Use the entries below and reproduce exactly the lines from the one containing "Anti-C1QB antibody produced" down to the one containing "Xanthelasma", both of them included.

▶ _Provided entries_:

[Start of section]

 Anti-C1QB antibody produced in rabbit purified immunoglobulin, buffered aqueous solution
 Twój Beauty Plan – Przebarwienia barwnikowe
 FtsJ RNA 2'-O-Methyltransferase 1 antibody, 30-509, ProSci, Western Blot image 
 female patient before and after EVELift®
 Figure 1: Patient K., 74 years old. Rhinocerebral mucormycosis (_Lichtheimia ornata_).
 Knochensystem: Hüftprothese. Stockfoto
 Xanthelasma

[End of section]
[Start of section]

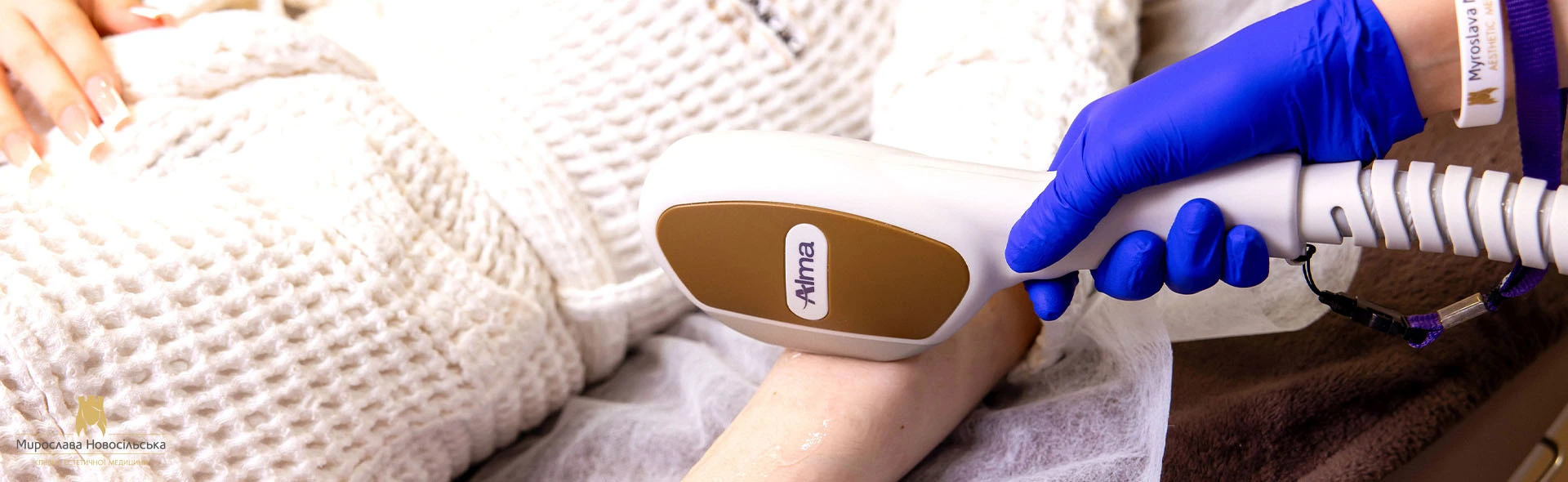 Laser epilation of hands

[End of section]

▶ _Response for this exercise_:
 Anti-C1QB antibody produced in rabbit purified immunoglobulin, buffered aqueous solution
 Twój Beauty Plan – Przebarwienia barwnikowe
 FtsJ RNA 2'-O-Methyltransferase 1 antibody, 30-509, ProSci, Western Blot image 
 female patient before and after EVELift®
 Figure 1: Patient K., 74 years old. Rhinocerebral mucormycosis (_Lichtheimia ornata_).
 Knochensystem: Hüftprothese. Stockfoto
 Xanthelasma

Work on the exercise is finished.